━━━ Dataset records ━━━

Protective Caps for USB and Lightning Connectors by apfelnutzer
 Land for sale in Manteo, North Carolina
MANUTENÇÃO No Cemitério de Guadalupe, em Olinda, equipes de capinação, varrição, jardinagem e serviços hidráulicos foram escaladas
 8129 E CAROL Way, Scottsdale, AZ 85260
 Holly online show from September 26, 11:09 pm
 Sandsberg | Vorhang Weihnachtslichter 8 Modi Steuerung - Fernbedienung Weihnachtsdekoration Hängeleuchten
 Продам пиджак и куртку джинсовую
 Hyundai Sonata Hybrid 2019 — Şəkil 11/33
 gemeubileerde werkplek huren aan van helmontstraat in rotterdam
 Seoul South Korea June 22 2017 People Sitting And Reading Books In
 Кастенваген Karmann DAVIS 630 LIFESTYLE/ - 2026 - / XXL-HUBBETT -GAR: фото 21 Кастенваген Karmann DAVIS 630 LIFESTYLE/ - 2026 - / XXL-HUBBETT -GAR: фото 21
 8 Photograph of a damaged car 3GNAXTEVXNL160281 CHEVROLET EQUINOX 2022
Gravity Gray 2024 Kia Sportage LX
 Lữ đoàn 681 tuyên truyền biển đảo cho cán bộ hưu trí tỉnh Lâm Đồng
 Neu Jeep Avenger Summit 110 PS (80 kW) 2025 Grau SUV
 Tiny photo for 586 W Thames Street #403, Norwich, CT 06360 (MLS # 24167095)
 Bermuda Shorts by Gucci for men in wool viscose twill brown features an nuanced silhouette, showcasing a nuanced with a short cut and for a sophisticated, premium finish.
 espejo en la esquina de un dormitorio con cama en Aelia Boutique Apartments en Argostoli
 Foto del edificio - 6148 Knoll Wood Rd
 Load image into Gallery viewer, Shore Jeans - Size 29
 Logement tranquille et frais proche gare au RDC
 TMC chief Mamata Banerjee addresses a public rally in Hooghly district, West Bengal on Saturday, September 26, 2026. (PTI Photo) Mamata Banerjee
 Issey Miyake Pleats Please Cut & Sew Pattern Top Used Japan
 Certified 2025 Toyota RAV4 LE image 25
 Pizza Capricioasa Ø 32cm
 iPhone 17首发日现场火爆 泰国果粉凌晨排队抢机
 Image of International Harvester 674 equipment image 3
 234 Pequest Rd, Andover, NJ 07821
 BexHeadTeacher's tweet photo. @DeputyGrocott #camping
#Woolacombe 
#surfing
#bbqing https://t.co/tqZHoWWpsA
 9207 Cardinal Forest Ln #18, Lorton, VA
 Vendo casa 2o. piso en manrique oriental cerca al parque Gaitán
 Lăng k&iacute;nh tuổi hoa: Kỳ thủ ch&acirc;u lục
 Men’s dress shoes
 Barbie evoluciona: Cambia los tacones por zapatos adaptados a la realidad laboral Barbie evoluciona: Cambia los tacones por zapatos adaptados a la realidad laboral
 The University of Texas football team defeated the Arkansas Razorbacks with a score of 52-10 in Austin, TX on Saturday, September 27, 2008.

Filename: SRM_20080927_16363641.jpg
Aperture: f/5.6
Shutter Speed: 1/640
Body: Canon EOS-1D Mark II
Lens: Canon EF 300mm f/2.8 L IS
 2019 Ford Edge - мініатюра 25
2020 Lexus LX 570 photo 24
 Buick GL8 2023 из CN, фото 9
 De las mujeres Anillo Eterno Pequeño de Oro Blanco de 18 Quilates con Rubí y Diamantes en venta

━━━

● Work instructions
An exact copy of every record above is required.

● Exercise output
Protective Caps for USB and Lightning Connectors by apfelnutzer
 Land for sale in Manteo, North Carolina
MANUTENÇÃO No Cemitério de Guadalupe, em Olinda, equipes de capinação, varrição, jardinagem e serviços hidráulicos foram escaladas
 8129 E CAROL Way, Scottsdale, AZ 85260
 Holly online show from September 26, 11:09 pm
 Sandsberg | Vorhang Weihnachtslichter 8 Modi Steuerung - Fernbedienung Weihnachtsdekoration Hängeleuchten
 Продам пиджак и куртку джинсовую
 Hyundai Sonata Hybrid 2019 — Şəkil 11/33
 gemeubileerde werkplek huren aan van helmontstraat in rotterdam
 Seoul South Korea June 22 2017 People Sitting And Reading Books In
 Кастенваген Karmann DAVIS 630 LIFESTYLE/ - 2026 - / XXL-HUBBETT -GAR: фото 21 Кастенваген Karmann DAVIS 630 LIFESTYLE/ - 2026 - / XXL-HUBBETT -GAR: фото 21
 8 Photograph of a damaged car 3GNAXTEVXNL160281 CHEVROLET EQUINOX 2022
Gravity Gray 2024 Kia Sportage LX
 Lữ đoàn 681 tuyên truyền biển đảo cho cán bộ hưu trí tỉnh Lâm Đồng
 Neu Jeep Avenger Summit 110 PS (80 kW) 2025 Grau SUV
 Tiny photo for 586 W Thames Street #403, Norwich, CT 06360 (MLS # 24167095)
 Bermuda Shorts by Gucci for men in wool viscose twill brown features an nuanced silhouette, showcasing a nuanced with a short cut and for a sophisticated, premium finish.
 espejo en la esquina de un dormitorio con cama en Aelia Boutique Apartments en Argostoli
 Foto del edificio - 6148 Knoll Wood Rd
 Load image into Gallery viewer, Shore Jeans - Size 29
 Logement tranquille et frais proche gare au RDC
 TMC chief Mamata Banerjee addresses a public rally in Hooghly district, West Bengal on Saturday, September 26, 2026. (PTI Photo) Mamata Banerjee
 Issey Miyake Pleats Please Cut & Sew Pattern Top Used Japan
 Certified 2025 Toyota RAV4 LE image 25
 Pizza Capricioasa Ø 32cm
 iPhone 17首发日现场火爆 泰国果粉凌晨排队抢机
 Image of International Harvester 674 equipment image 3
 234 Pequest Rd, Andover, NJ 07821
 BexHeadTeacher's tweet photo. @DeputyGrocott #camping
#Woolacombe 
#surfing
#bbqing https://t.co/tqZHoWWpsA
 9207 Cardinal Forest Ln #18, Lorton, VA
 Vendo casa 2o. piso en manrique oriental cerca al parque Gaitán
 Lăng k&iacute;nh tuổi hoa: Kỳ thủ ch&acirc;u lục
 Men’s dress shoes
 Barbie evoluciona: Cambia los tacones por zapatos adaptados a la realidad laboral Barbie evoluciona: Cambia los tacones por zapatos adaptados a la realidad laboral
 The University of Texas football team defeated the Arkansas Razorbacks with a score of 52-10 in Austin, TX on Saturday, September 27, 2008.

Filename: SRM_20080927_16363641.jpg
Aperture: f/5.6
Shutter Speed: 1/640
Body: Canon EOS-1D Mark II
Lens: Canon EF 300mm f/2.8 L IS
 2019 Ford Edge - мініатюра 25
2020 Lexus LX 570 photo 24
 Buick GL8 2023 из CN, фото 9
 De las mujeres Anillo Eterno Pequeño de Oro Blanco de 18 Quilates con Rubí y Diamantes en venta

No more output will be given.